======== Listed records ========

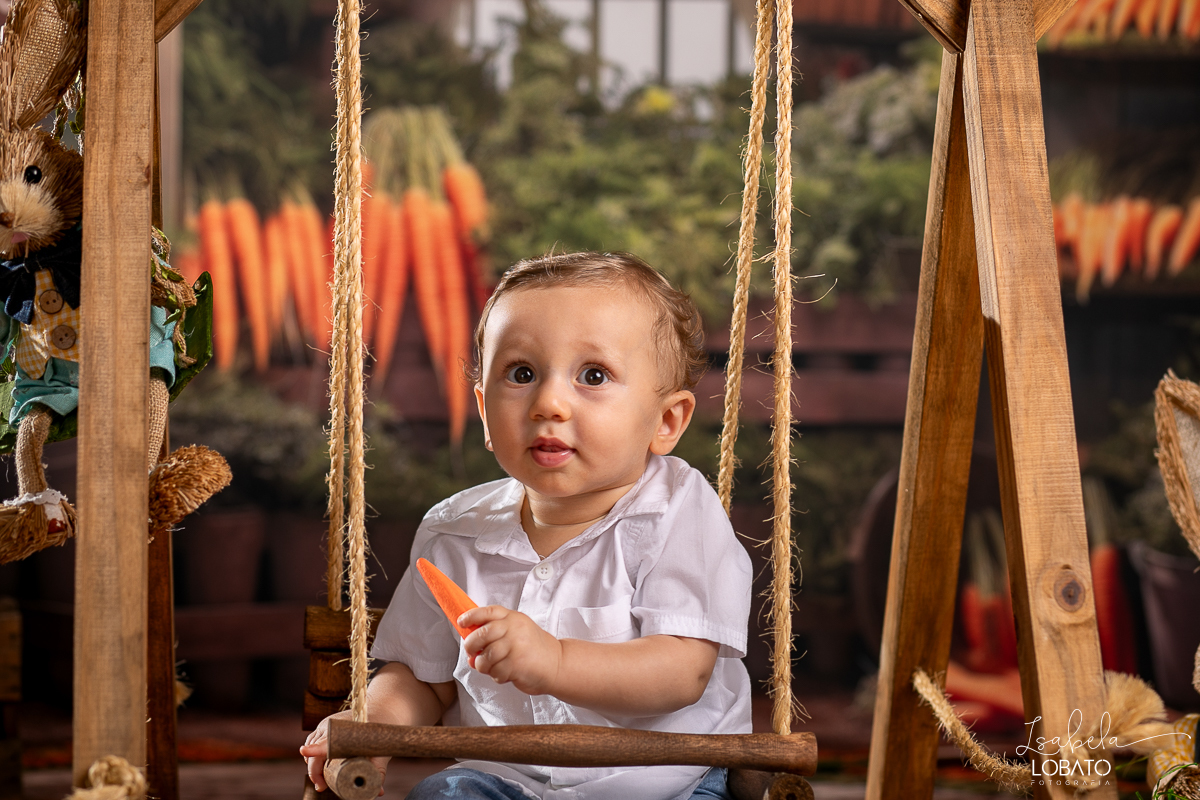 ensaio-de-pascoa-2024-fotos-de-pascoa-coelhinho-da-pascoa-ovos-de-pascoa-mini-sessao-fotografica-de-pascoa-estudio-fotografico-infantil-em-barbacena-isabela-lobato-fotografia-barbacena-mg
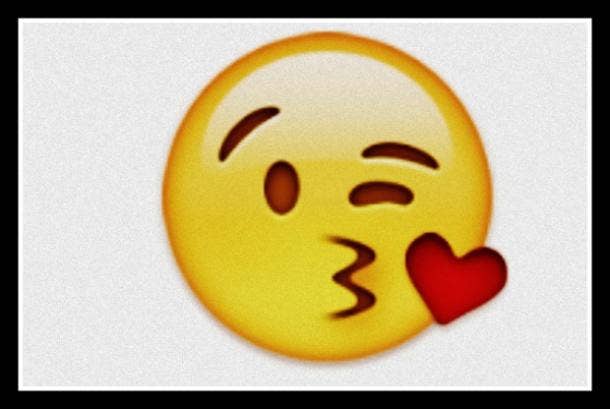 Cara emoji coqueta que lanza un beso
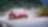 Ein rotes Auto auf einer Straße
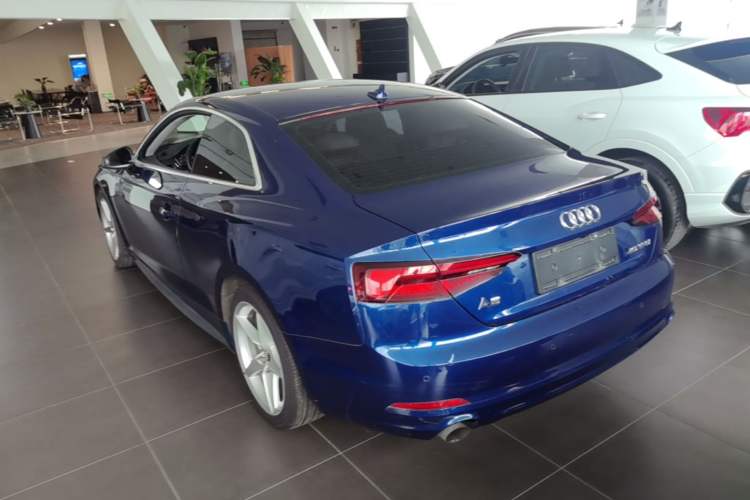 Used Audi A5 2017 Coupe 40 TFSI Fashion Model Rear Left 45 Deg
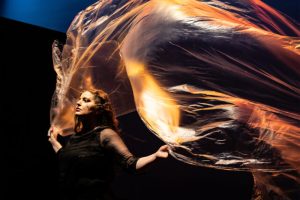 Η Δούκισσα της Πλακεντίας: ένας μονόλογος που σε καταπίνει 4 Η Δούκισσα της Πλακεντίας: ένας μονόλογος που σε καταπίνει - FlagInLife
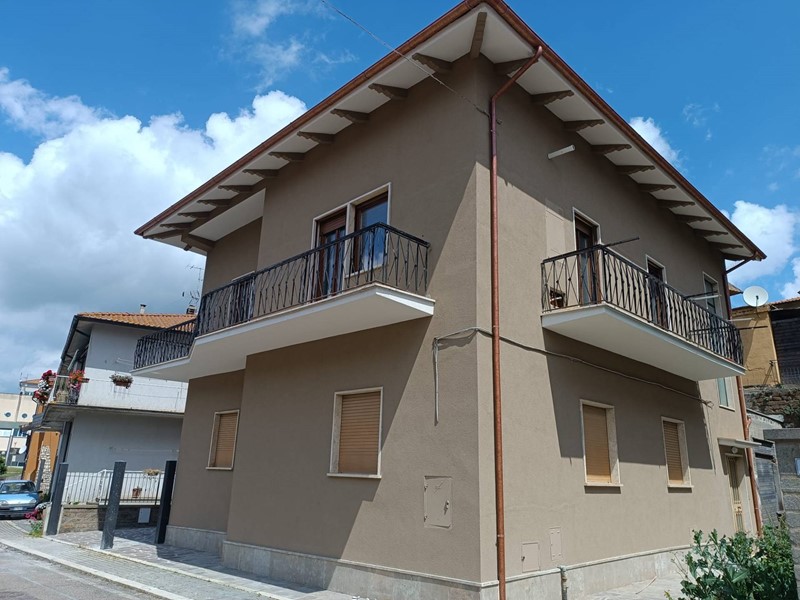 Quadrilocale in Vendita a Celleno, 75'000€, 109 m²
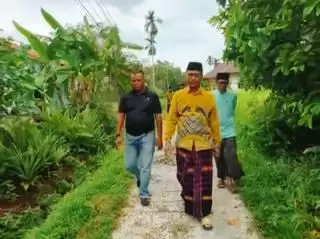 Dangdutan versus Sholawatan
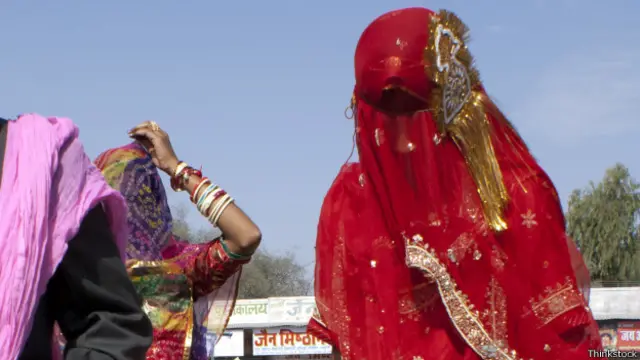 بھارت اقتصادی طور پر تیزی سےبدل رہا ہے لیکن اس کی مناسبت سے فرسودہ قدامت پسد اور عورت مخالف سوچ میں بہت زیادہ تبدیلی نہیں آئی ہے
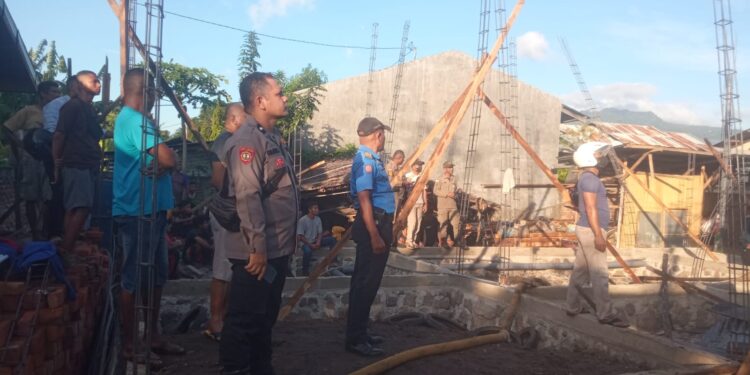 Si Jago Merah Lahap Rumah Permanen di Desa Namangkewa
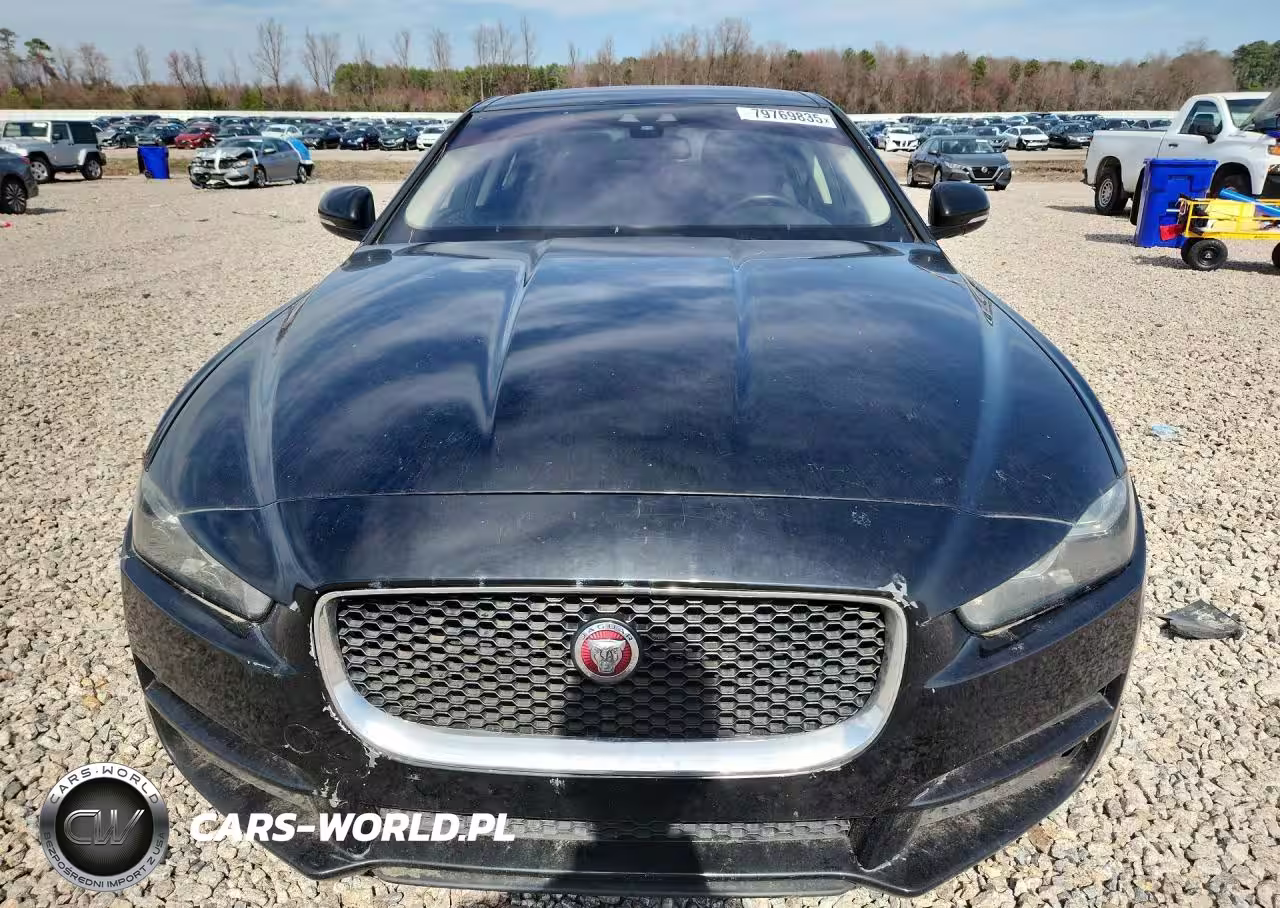 2018 Jaguar Xe VIN:SAJAR4FX3JCP34624 - 5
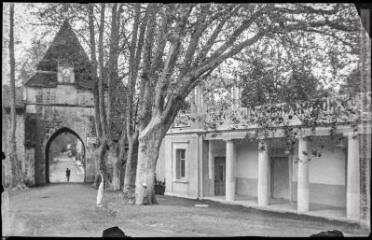 4 vues Le Gers. 42. Barbotan-les-Thermes : la porte (monument historique). - Toulouse : éditions Pyrénées-Océan, Labouche frères, marque LF, [entre 1937 et 1950]. - Carte postale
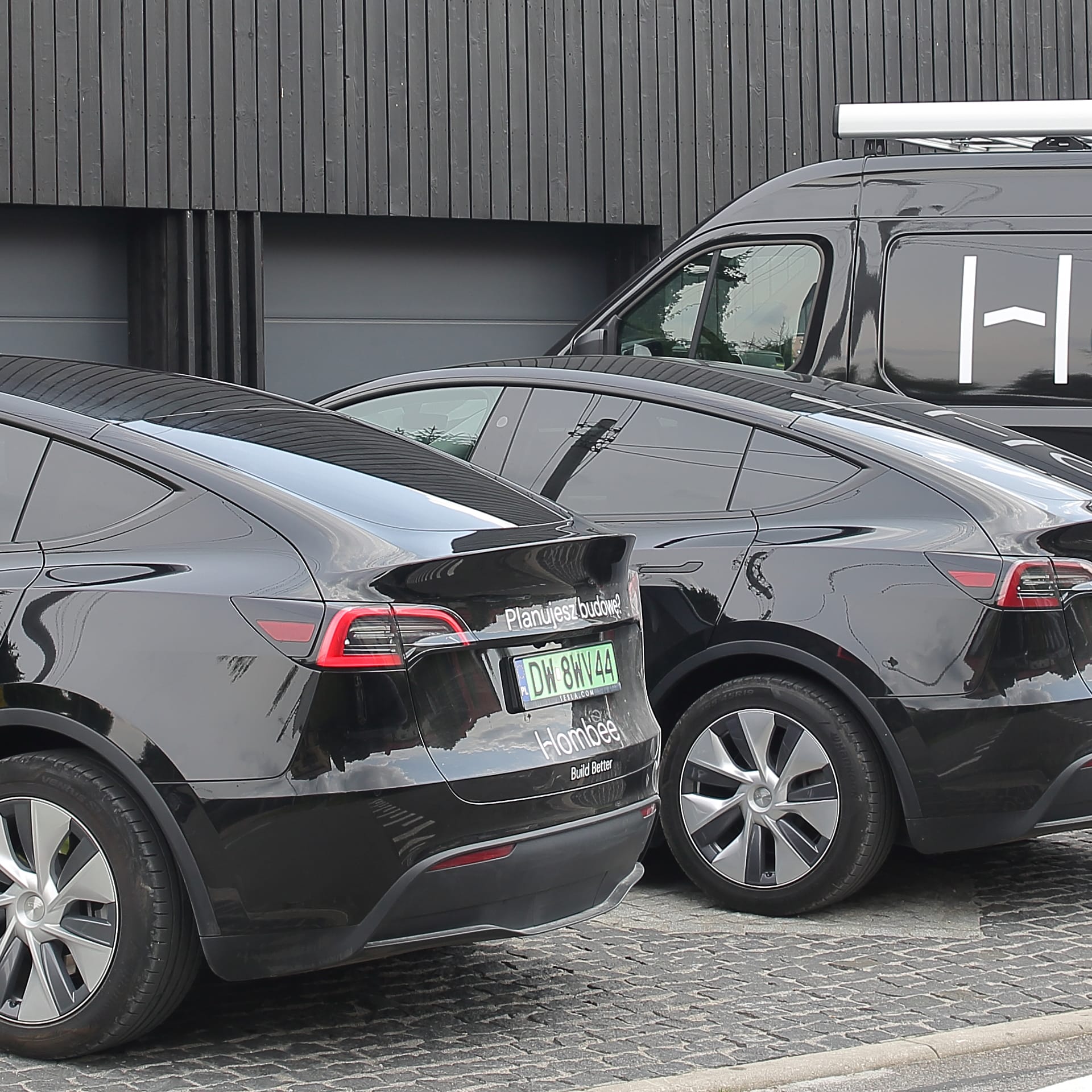 Kobieta prezentuje klientowi projekt domu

========

What to produce: Set down each entry again exactly as written. Pictures stay out.

Reply to the task:
 ensaio-de-pascoa-2024-fotos-de-pascoa-coelhinho-da-pascoa-ovos-de-pascoa-mini-sessao-fotografica-de-pascoa-estudio-fotografico-infantil-em-barbacena-isabela-lobato-fotografia-barbacena-mg
 Cara emoji coqueta que lanza un beso
 Ein rotes Auto auf einer Straße
 Used Audi A5 2017 Coupe 40 TFSI Fashion Model Rear Left 45 Deg
 Η Δούκισσα της Πλακεντίας: ένας μονόλογος που σε καταπίνει 4 Η Δούκισσα της Πλακεντίας: ένας μονόλογος που σε καταπίνει - FlagInLife
 Quadrilocale in Vendita a Celleno, 75'000€, 109 m²
 Dangdutan versus Sholawatan
 بھارت اقتصادی طور پر تیزی سےبدل رہا ہے لیکن اس کی مناسبت سے فرسودہ قدامت پسد اور عورت مخالف سوچ میں بہت زیادہ تبدیلی نہیں آئی ہے
 Si Jago Merah Lahap Rumah Permanen di Desa Namangkewa
 2018 Jaguar Xe VIN:SAJAR4FX3JCP34624 - 5
 4 vues Le Gers. 42. Barbotan-les-Thermes : la porte (monument historique). - Toulouse : éditions Pyrénées-Océan, Labouche frères, marque LF, [entre 1937 et 1950]. - Carte postale
 Kobieta prezentuje klientowi projekt domu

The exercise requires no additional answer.